Causa choque em muitos cristãos um evento como a Marcha para Jesus, onde em nome da mensagem do Nazareno, defende-se o armamento da população, a discriminação, a violência do Estado… Mas o mesmo podemos perguntar: como a mensagem de paz e compaixão de Jesus se transformou na Inquisição, nas Cruzadas… como a sua mensagem de desapego e simplicidade se transformou no ouro do Vaticano?

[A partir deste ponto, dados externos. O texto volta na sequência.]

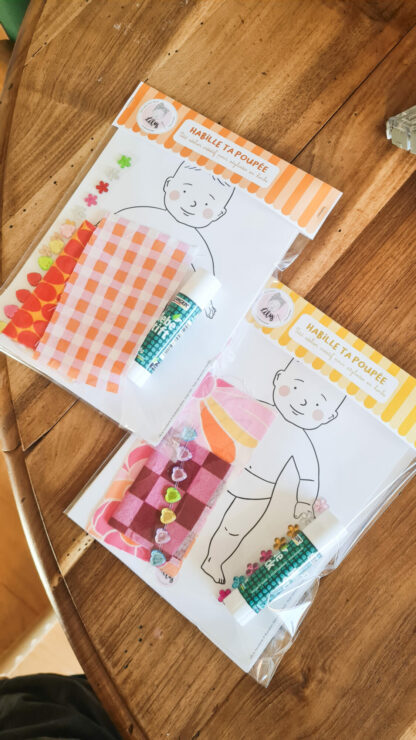 Kit Créatif  : HABILLE TA POUPEE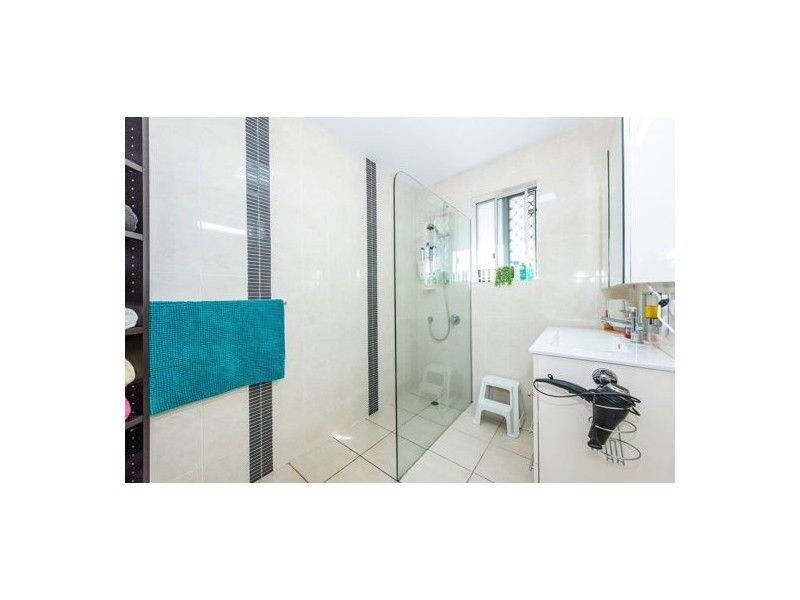 13 Peatey Street, Andergrove QLD 4740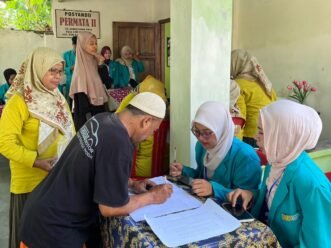 KKN Tematik FIK UMS Edukasi Hipertensi dan Cek Kesehatan Lansia di Bakipandeyan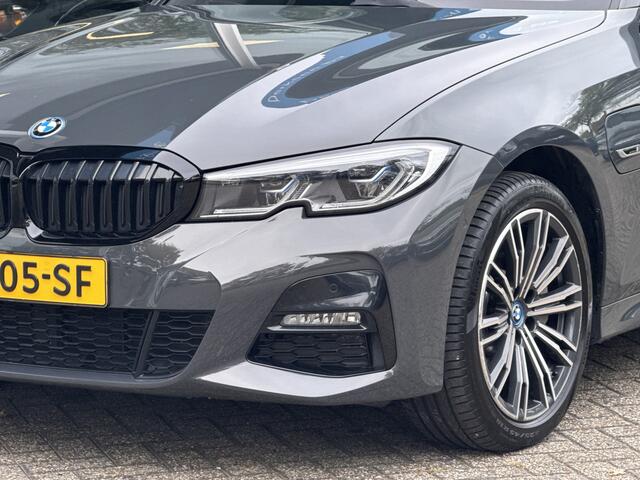 BMW 3-SERIE Touring 330e High Executive - HUD | Memory | Pano | Elektr. klep | Elektr. trekh. | Camera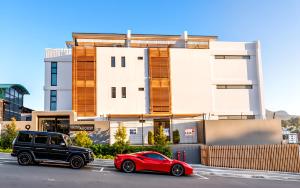 Duplex Penthouse with 3 Balconys I Table Mountain Panoramic Views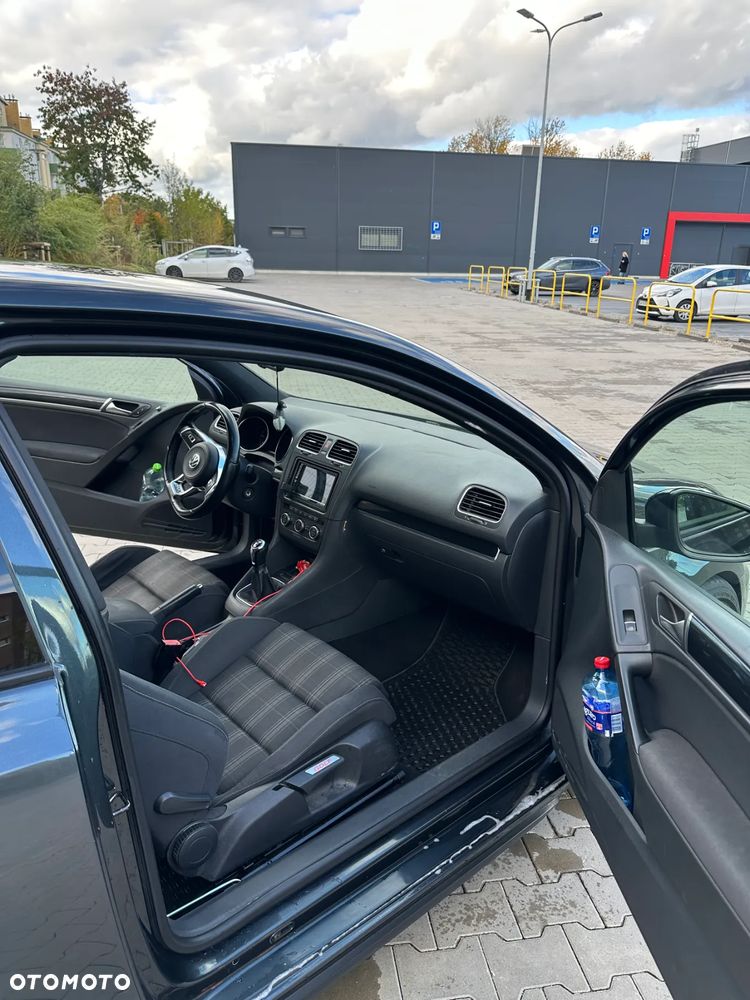 Volkswagen Golf - 18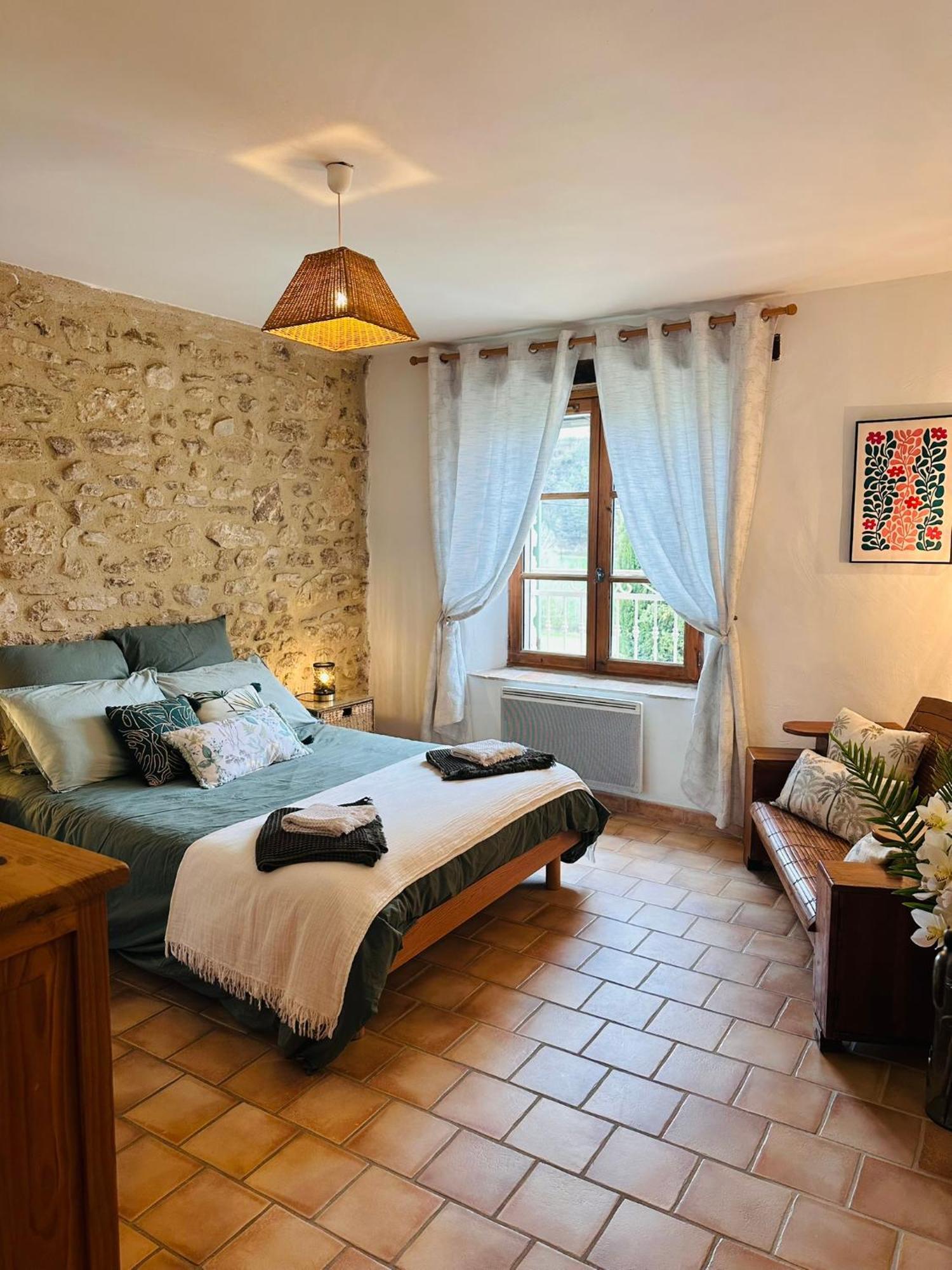 Domaine Bellavigne Gites Et Spa Forcalquier Luaran gambar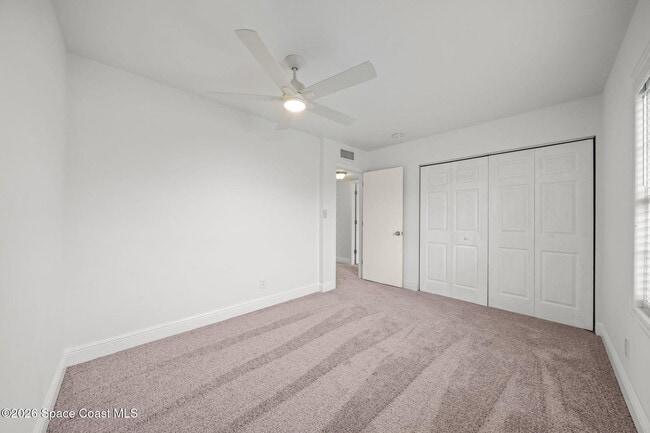 Building Photo - 913 S Colonial Ct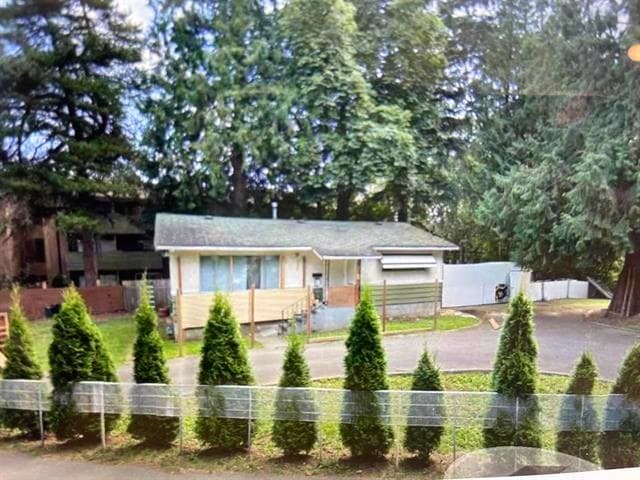 2532 E Bourquin Crescent, Abbotsford, V2S 1Y4 — photo 1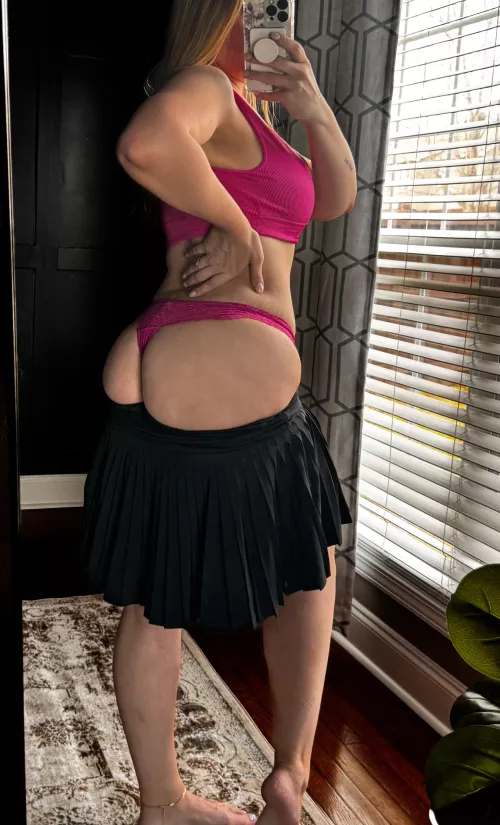 What’s the perfect MILF age for you…  by annie3344-3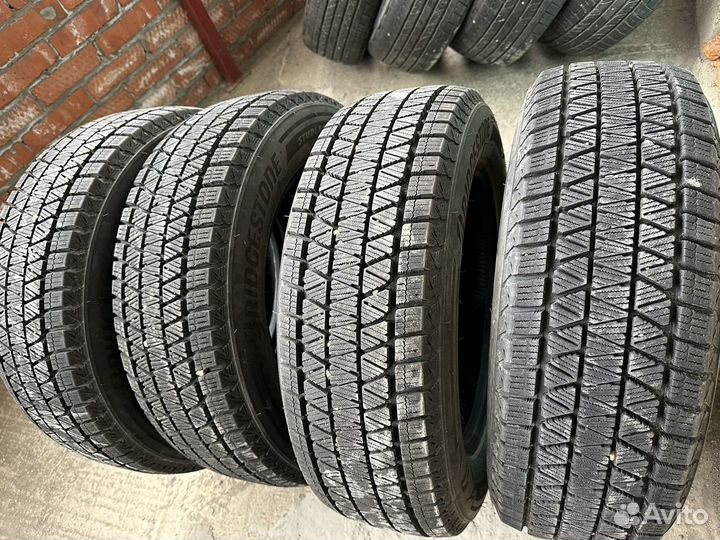 Bridgestone Blizzak DM-V3 215/65 R17 103T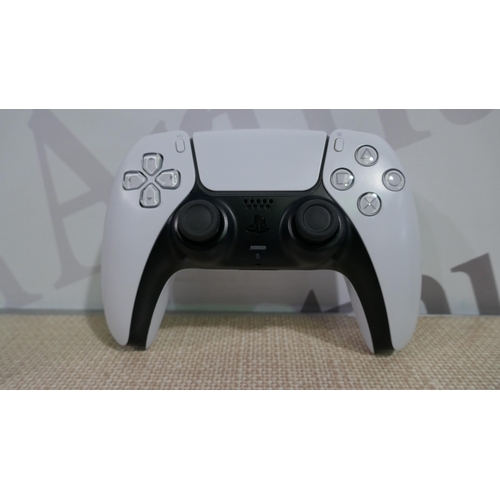 6109 - Playstation 5 Slim Disc Console With Controller    - This Lot Requires A Uk Adaptor, Original Rrp £4...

Como nações que se dizem cristãs até hoje se locupletam na exploração dos povos, como praticaram e ainda praticam a escravidão? Como, particularizando mais, a Reforma protestante que se firmou com Lutero na crítica à exploração financeira da fé (na época as indulgências vendidas pela Igreja Católica) tem como descendentes Malafaia, Edir Macedo e outros tantos, que comercializam a fé do povo? Como, logo depois da morte de Francisco de Assis, um exemplo de não-violência, desprendimento e amor, muitos de seus continuadores se integraram de boa vontade ao luxo da Igreja e participaram da Inquisição que nascia naquele momento, contra o movimento dos cátaros, no sul da França? É bem verdade que parte dos primeiros seguidores de Francisco se negaram a seguir essa onda que se afastava tanto de Jesus e de seu Pobrezinho de Assis e é fato que até hoje a ordem franciscana representa dentro da Igreja Católica uma vertente progressista. Mas é verdade que o que Francisco sonhou não foi cumprido até hoje pela Igreja que ele pretendeu reconstruir, segundo a voz que ouviu.
Mais adiante, como, no espiritismo, a proposta de Kardec, que era naturalizar, democratizar e racionalizar a mediunidade, para que o contato com o mundo espiritual não fosse mais objeto de exploração, submissão e fanatismo se transformou nesse movimento espírita brasileiro em que médiuns pontificam com argumentos de autoridade e se colocam acima das críticas, na posição de lideranças narcísicas e reverenciadas? Como uma filosofia que nasceu progressista, igualitária, crítica se transformou majoritariamente num movimento conservador e apoiador de propostas reacionárias e autoritárias? Eu pensava sempre que os budistas tinham sido uma exceção nesse sentido, mas me enganei. Porque também podemos nos indagar, como a mensagem de Sidarta Gautama, de compaixão e respeito a todas as formas de vida, pode servir de justificativa para que radicais budistas ataquem cristãos e muçulmanos no Sri Lanka? O que significa esse afastamento brutal dos ensinos mais essenciais dos grandes mestres, da incompreensão e deturpação das mais diversas formas de espiritualidade?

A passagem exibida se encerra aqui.